Something that often gets overlooked in this very familiar parable is that both of the sons are sinful. We take it on faith that the youngest is sinful: taking half of his inheritance before his father is even in the grave, living a life of dissipation and sexual excess, using up all that money in a short time, content to eat among the swine which no good Jew would even think about touching, and finding himself very, very broken. But the so-called good son is sinful too. On his brother’s return, he refuses to go into the house to welcome him back, and takes his father to task for showing mercy and love. Failure to forgive is itself sinful.

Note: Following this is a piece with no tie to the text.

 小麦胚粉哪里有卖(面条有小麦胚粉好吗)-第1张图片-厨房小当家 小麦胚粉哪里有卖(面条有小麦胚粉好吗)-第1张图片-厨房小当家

Both sons are sinful in their own way. Both need the father’s love and mercy and forgiveness. And both receive it. Far from the way a proper Jewish father would act, he runs out to meet both sons where they are. Protocol would have them come to him, and not he to them. He comes out twice, once to meet the younger son who is on the way back to him, and once to meet his older son who refuses to come to him.
But as it stands, the younger son is more likely to receive forgiveness. Why? Because he is content to be on the way to his father and put himself at his father’s mercy. The older son isn’t even aware that he needs to be forgiven. He puts himself above his younger brother as the sinful black sheep of the family.
But Jesus cautions us in so many places that we cannot be so immersed in others’ sins that we miss seeing our own. That’s the message for us today. Wherever we are, whoever we are, whatever we are, we need God’s mercy and forgiveness. And he is faithful in giving it. All we have to do is agree to come into the house.